Могучие плечи, вы станете срубом,
Пойдете на мачты, леса и стропила,
Все чаще и чаще сверкающим зубом
Грызут вашу чащу шипящие пилы
Ветви! Все вы в коричневых клочьях!
Сучья! На вас повисают лохмотья!
Сплетаются корни, как черные струны,
Таится в них силы поток вечно юный,
И дремлет в ветвях голубая прохлада,
И пляшет во мху мошкара доупада.
Деревья! Здесь, с вашей красой не считаясь,
Ваш мир оградили железные колья.
Что ж вышел лесник, меж стволов пробираясь,
Не птичьим ли песням внимать на раздолье?
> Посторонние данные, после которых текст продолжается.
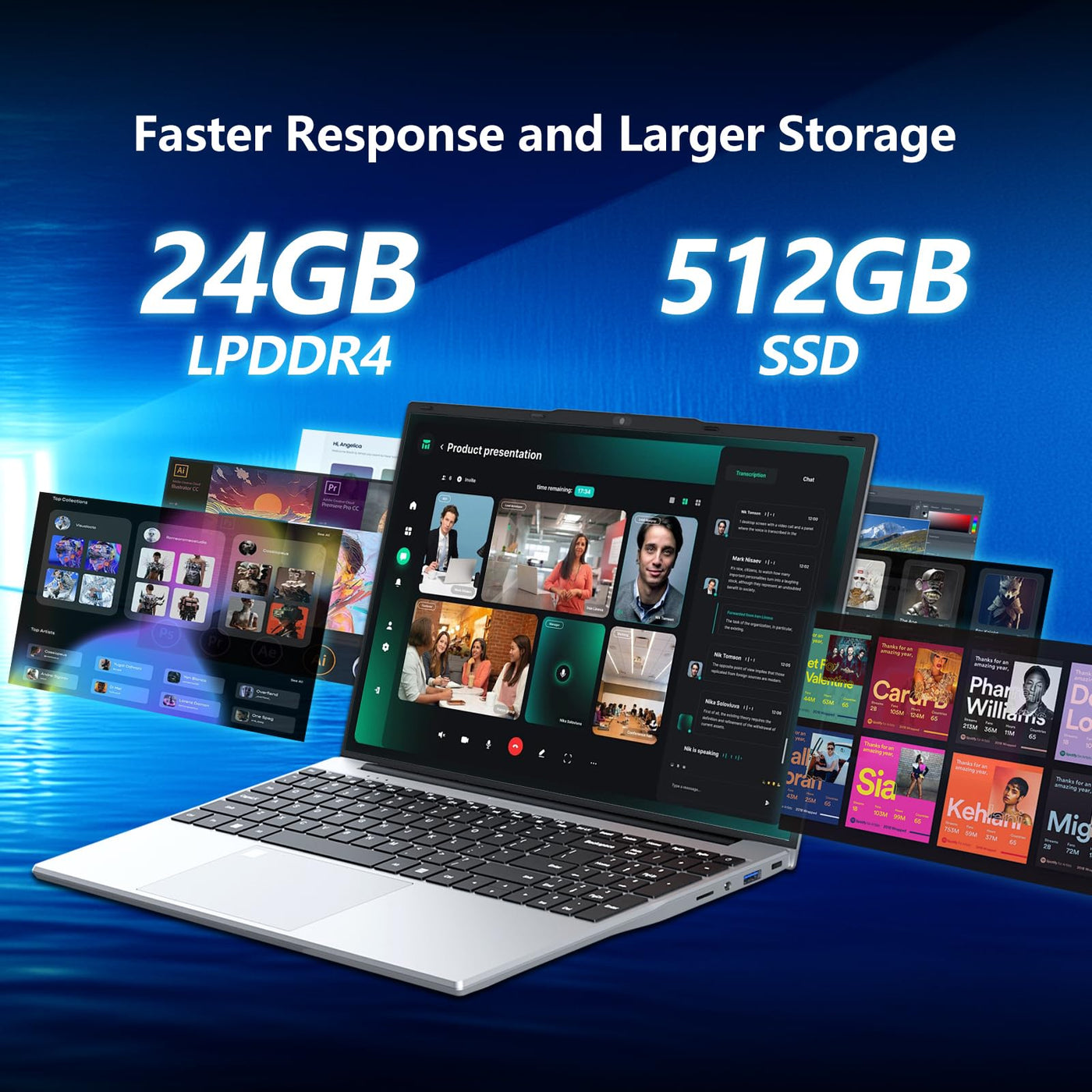 Notebook PC 15,6 Zoll, Notebook 24GB RAM 512GB SSD Prozessor N5095 UHD Grafik, FHD 1920 * 1080 mit WiFi 5/USB 3.0/Ziffernblock/Tastatur mit Hintergrundbeleuchtung/Touch ID Laptop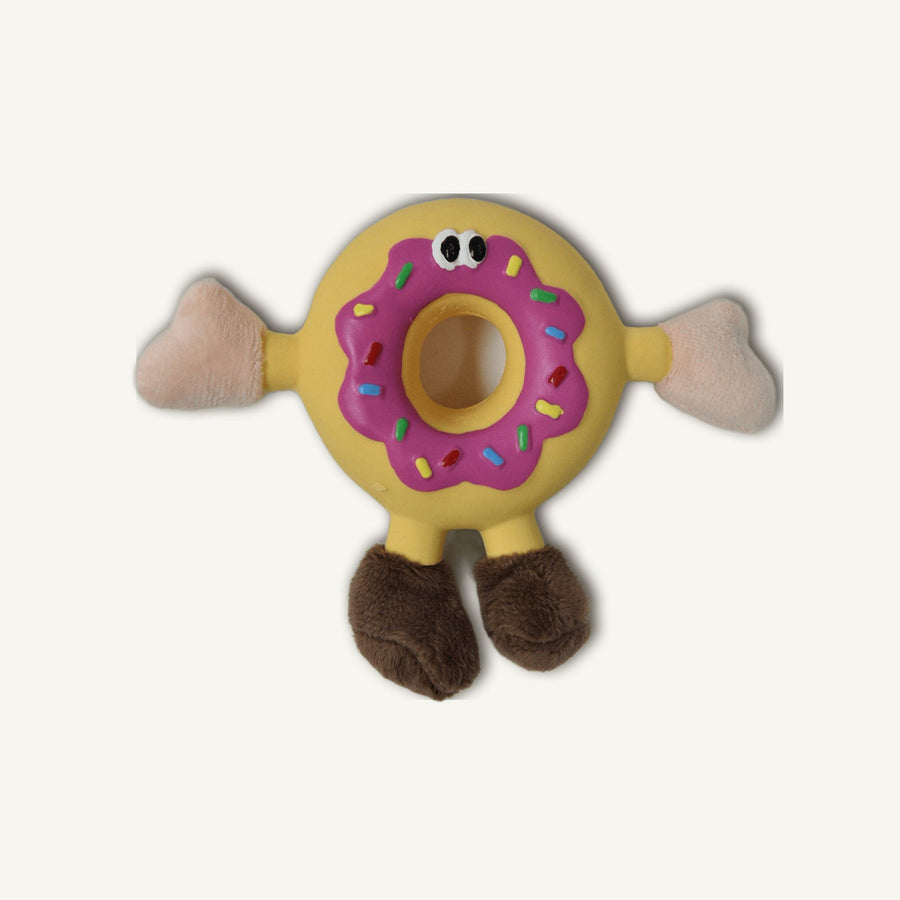 Latex Donut with Plush – RJ005 hero product view on warm neutral background for wholesale pet brands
Здесь ружья по крови мужицкой тоскуют —
Пусть только попробует кто-нибудь тайно,
В помещичью пустошь забредши случайно,
Тащить за собою хоть ветку сухую!
Деревья!
Настанет же время — с любовью
Листва прошумит дровосекам свободным,
И прежде чем вас, словно стадо слоновье,
Повалят на землю железом холодным,
И прежде чем мы на подъемные краны
Положим душистые брусья осины,
Мы прежде заставим греметь барабаны
И пущу разделим на две половины.
В одной — загудят не смолкая моторы,
Запляшет железо под дружное пенье,
В другой — мы не тронем ни гнёзда, ни норы,
Чтоб всех красота привела в восхищенье.
Пусть с буками здесь побратаются клены,
Пусть люди здесь черпают мудрость природы.
Деревья!
Живите же долгие годы!
Трясите своей головою зеленой!
Бывает и ныне — кипит среди просек
Веселое пламя, несмелое пламя,
И крик детворы дальний ветер доносит,
И стелется дым от костров над корнями.
В ветвях коготки появляются птичьи,
И жемчугом ягоды зреют лесные,
И дети, от бега устав с непривычки,
Смеются и спорят.
Но есть и другие…
Там, где куколем нивы покрыты,
По неведомым тропкам болот,
Средь ветвей бузины и ракиты
Паренек молчаливый идет.
Он идет по холмам и оврагам,
Низко шапку надвинув на лоб,
Он проходит по мху тихим шагом,
Чтоб исчезнуть в сплетении троп.
Уж три часа Андрей шагал по бору,
По темным листьям ландышей бесшумных,
По зарослям, ущельям и просторам,
Среди корней и хвои.
Как безумный
Он трогал дерн. Он мял рябины кисти.
Он ощущал лицом коры шершавость,
Он видел, как жуки ползли по листьям
И как листка частица разрушалась
И обнажался нерв.
Часа четыре
Пылая он бродил в зеленом мире
И ничего не понимал…
Вначале
Он видел недоверчивые взгляды,
Он слышал — раздраженьем и досадой
Слова ответов холодно звучали…
Потом они шептались… Мысль, что тайно
Кипела в них, словами обнажалась…
Их взгляд таил презрение и жалость
К нему.
И каждый раз, как бы случайно,
Едва он подходил, их речь смолкала…
Так ждет в ветвях осеннего сигнала
Пернатый хор!
И вот уже все чаще
Он видел их насмешку и презренье,
Он видел, как росло их отчужденье,
Но что тому виной? Быть может чаща
Товарищей его околдовала
Зеленым блеском? Словно по сигналу
Все отшатнулись.
Он остался сзади.
Сел на траву и стебли рвал сухие,
Бессмысленно на их сплетенье глядя.
И вот — побрел в урочища лесные.
Наклоняются ниже и ниже
Согни ржавых кленовых рук.
Все мрачнее трясины жижа,
Все длиннее болотный луг.
И от пней, через ветви и кроны
К серебристым стволам берез,
Огонек мелькает зеленый,
Словно ветер звезду пронес.
Все гуще мрак. В заглохшее кочевье
Заблудший луч скользит и умирает.
Сквозь путаницу веток проступают
Задушенные мертвые деревья.
Просвет?
О нет! Тропинки повороты.
И вот ольхе свой скипетр клен вручает,
И голова в густой листве ныряет,
И листья бьют, как жесть…
И бьют с налета
Сухие прутья, ранят лоб и руки.
Сплошной стеной — ольха, дубы, березы,
Пропитаны разорванные брюки
Древесной влагой, и горят занозы,
Колени окровавив…
Где ж тропинка?
Где солнца золотая паутинка?
К чему кричать? Твой крик здесь не поможет!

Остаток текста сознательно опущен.